Exercise instructions: Down to the last character, write out the records below.

Input data:
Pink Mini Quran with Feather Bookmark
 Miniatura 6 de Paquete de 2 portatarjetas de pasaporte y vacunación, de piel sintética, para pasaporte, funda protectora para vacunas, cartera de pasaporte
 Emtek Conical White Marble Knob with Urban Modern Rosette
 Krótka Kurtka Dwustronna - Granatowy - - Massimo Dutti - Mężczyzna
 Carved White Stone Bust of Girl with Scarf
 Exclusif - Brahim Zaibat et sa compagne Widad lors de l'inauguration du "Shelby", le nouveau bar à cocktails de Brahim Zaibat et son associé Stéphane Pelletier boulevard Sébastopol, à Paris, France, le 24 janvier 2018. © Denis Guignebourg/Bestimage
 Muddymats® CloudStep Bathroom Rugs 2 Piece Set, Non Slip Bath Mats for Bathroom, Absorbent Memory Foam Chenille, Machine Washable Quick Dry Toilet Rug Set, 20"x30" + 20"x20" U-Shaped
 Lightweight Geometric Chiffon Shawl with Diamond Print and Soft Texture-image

Exercise response:
Pink Mini Quran with Feather Bookmark
 Miniatura 6 de Paquete de 2 portatarjetas de pasaporte y vacunación, de piel sintética, para pasaporte, funda protectora para vacunas, cartera de pasaporte
 Emtek Conical White Marble Knob with Urban Modern Rosette
 Krótka Kurtka Dwustronna - Granatowy - - Massimo Dutti - Mężczyzna
 Carved White Stone Bust of Girl with Scarf
 Exclusif - Brahim Zaibat et sa compagne Widad lors de l'inauguration du "Shelby", le nouveau bar à cocktails de Brahim Zaibat et son associé Stéphane Pelletier boulevard Sébastopol, à Paris, France, le 24 janvier 2018. © Denis Guignebourg/Bestimage
 Muddymats® CloudStep Bathroom Rugs 2 Piece Set, Non Slip Bath Mats for Bathroom, Absorbent Memory Foam Chenille, Machine Washable Quick Dry Toilet Rug Set, 20"x30" + 20"x20" U-Shaped
 Lightweight Geometric Chiffon Shawl with Diamond Print and Soft Texture-image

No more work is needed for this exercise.